Short answer: Nobody knows, as it hasn’t been around very long.
Long answer: People have lots of opinions.
I believe at one point capitalization was generally accepted: “Web site” because it came from World Wide Web, which was always capitalized to indicate it’s god-like ubiquity. “Website” was the way a lot of newspapers did it back in the early days of the web.
My personal opinion: Stick with the lower case, one word “website”. The capitalization makes you look all agape and naive. I write copy and this is the way I do it, based on an informal survey of general usage.
Agh. Its. Its. Notice I didn’t say I edit copy.
Properly speaking, “Web” should be capitalized, as you mean a specific, unique web–the World Wide Web, not a random spider web. “Web” in this context is a proper noun, like the White House.
(Ditto for “the Internet”–it’s perfectly possibly to have a network of networks that isn’t hooked up to the Internet, after all.)
As to whether it’s Website or Web site, it could go either way. Usage will decide. I think it’s easier on the eyes as two words.
There is no standardized spelling for this word(s) since it’s relatively new. My company recently sent out a memo that in all our documentation we are to use the term “website” everywhere. But it’s far too soon to say that’s standard. The full name of the web is the World Wide Web (www) so it seems natural to refer to the Web, and sites on it as Web sites. That’s my preference. But we tend to compress and abbreviate commonly used phrases. It’s sort of like email, or is it Email or e-mail?

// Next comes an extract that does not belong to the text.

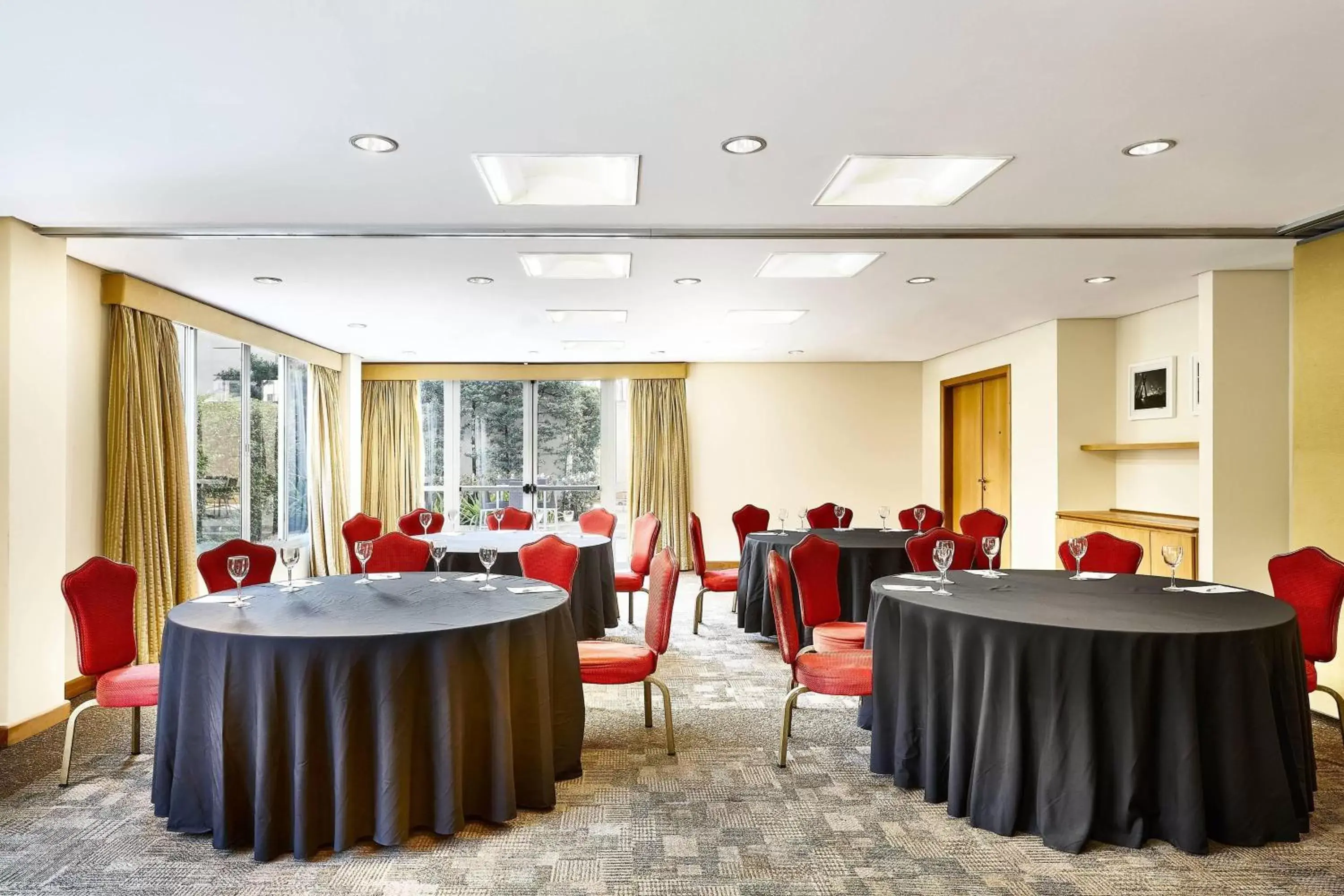 Meeting/conference room in Marriott Executive Apartments Sao Paulo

Agree, sort of. A network of networks that isn’t hooked up to the Internet is not necessarily an internet. A network that uses TCP/IP is an internet.

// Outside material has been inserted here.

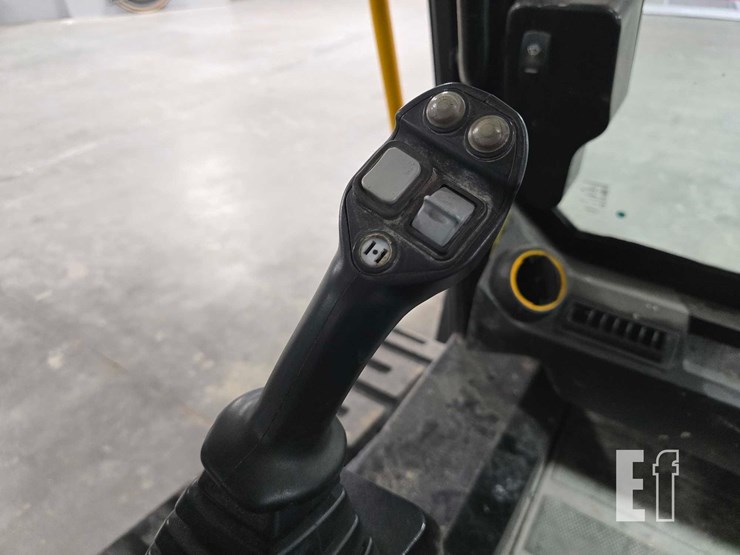 2021-jcb-3ts-8t-image-16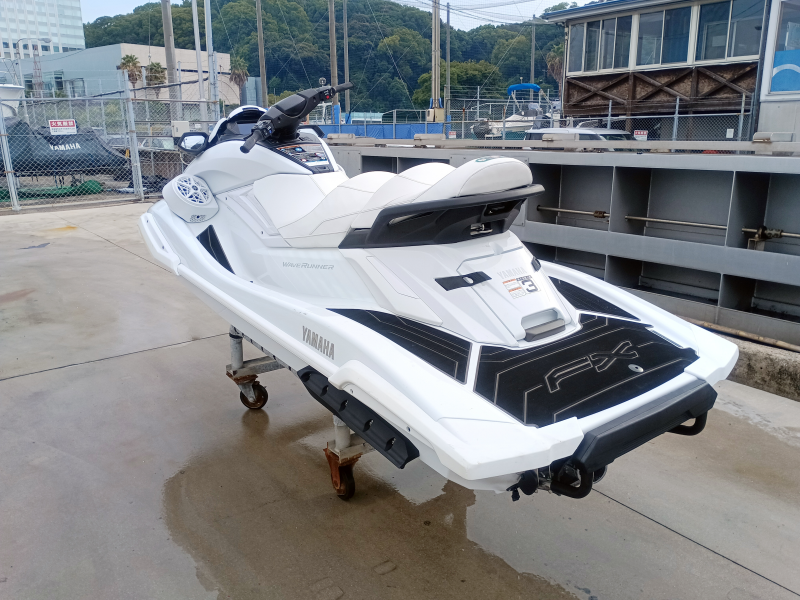 新艇中古艇販売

According to my 1998 AP Style book, the entry for World Wide Web is:
Of course that is 3 years ago and that is strictly AP style. Other newspapers (like the NY Times) have their own styles, as do companies.

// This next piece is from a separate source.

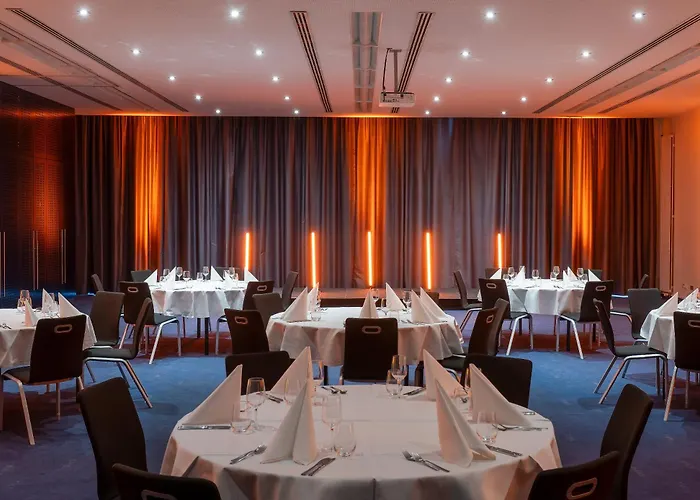 Hotel 4 estrelas: Intercityhotel Frankfurt Airport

I agree with others who say “Web” should be capitalized and separated from “site” or “page.” When I write copy for my own company I use that train of thought.
But I sense it’ll be a while before there’s a real answer.
Another data point: New York Times uses “Web site”. (example)
Well, one thing is for sure: It’s not webside or websight.
Tim Berners-Lee uses “Web site.” However, I think “web” should only be capitalized in certain instances. Such as, “I have a web page on the Web.” Or, “The Web is home to many web sites.”
A Google search for website gives 41,600,000 hits. A Google search for web site gives 4,800,000.
The Columbia Guide to Online Style states:
“Web Short for the World Wide Web, hence the capital letter.”
The same source uses “Web site” as two words.
Cite: Walker, Janice R. and Todd Taylor. The Columbia Guide to Online Style. New York: Columbia University Press, 1998. p. 210.
Every current dictionary I have ever seen (and as a librarian I have seen a lot) is unequivocal: “Web” in relation to the World Wide Web is always capitalized.
Yup, and if you enter “web site” Google asks if you meant “website.” So we know that they believe it’s all one word.